Our entire graphics blacklisting system (GfxInfo) on Windows relies on the Windows registry as its primary data source. That's been unreliable and a source of pain for years now. For example: 1. Mis-detection of dual-GPU systems causing crashes, bug 1008759, e10s blocker. 2. Mis-detection of Intel driver version causing crashes, bug 1063048, firefox 32 chemspill driver. 3. Mis-detection of Intel driver version being the leading cause of unnecessarily blacklisting Direct3D 10 features, depriving users of perfectly capable systems from useful features such as fast WebGL compositing. Bug 984417. Our mitigation for crashes such as 2. has been to also query the same information from a more reliable source (like getting the driver version from the version field of the driver DLL) and blacklisting if a mismatch is found. See "DriverVersionMismatch" in the appnotes field of crash reports. That's poor, doesn't help with other types of crash such as 1., and causes excessive blacklisting as in 3. Note that Intel users are 60% of our total users, http://people.mozilla.org/~bjacob/gfx_features_stats/#desktop-gpu-vendor-market-share and note that as we studied in bug 984417, "DriverVersionMismatch" accounts for the majority of the cases where we blacklist Direct3D 10+ features there. So there is a big problem here. This bug descriptions sticks to describing the problem. The next comment will propose a possible avenue to fixing this.
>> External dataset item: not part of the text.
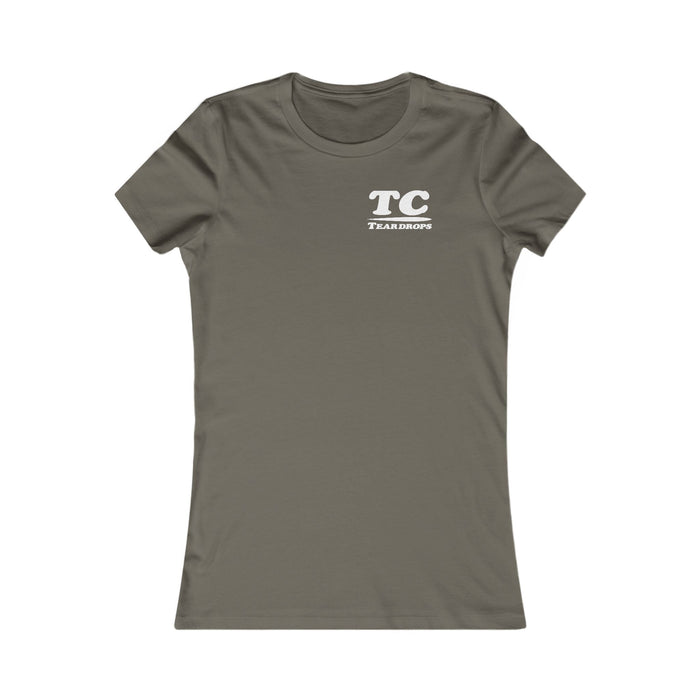 Ladies Short Sleeve TC-Tee Pocket Logo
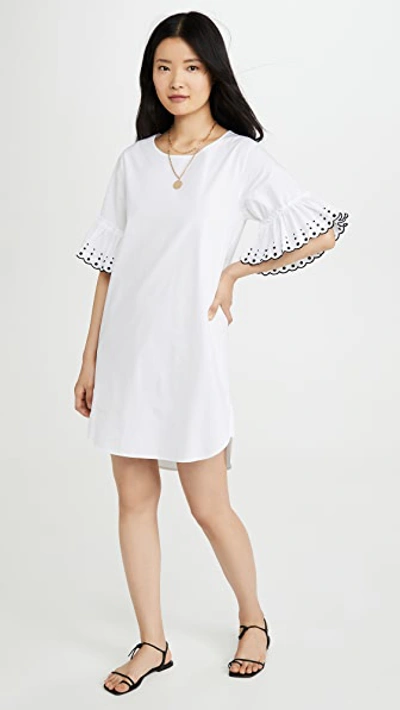 Shop See By Chloé Ruffle Tee Dress In White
Possible way to fix this: do like we've been doing for 3 years on desktop linux: on startup, in a separate thread or process (that detail is up for discussion), go ahead and create a Direct3D device (equivalent of a OpenGL context) and query it. In this way, we would get for-real renderer information from the renderer itself. The downsides are 1) it could slow startup down (which is why we'd do it at least in a separate thread), 2) it could be crashy (which is why we could do it in a separate process like we do on linux), and 3) it is more code complexity (although the current registry-based approach is a headache too; and we already have similar logic on linux).
Another approach is to only stop using the Windows registry to get the driver version, where we know a more reliable way to get that information, as described above --- from the driver DLL directy --- while continuing to use the registry to get other information such as device/vendor ID which we might not know another way to get. Yet another approach to this bug might be to ask if we are just using the Windows registry wrong e.g. just getting the first-returned value in a list instead of properly examining the entire list.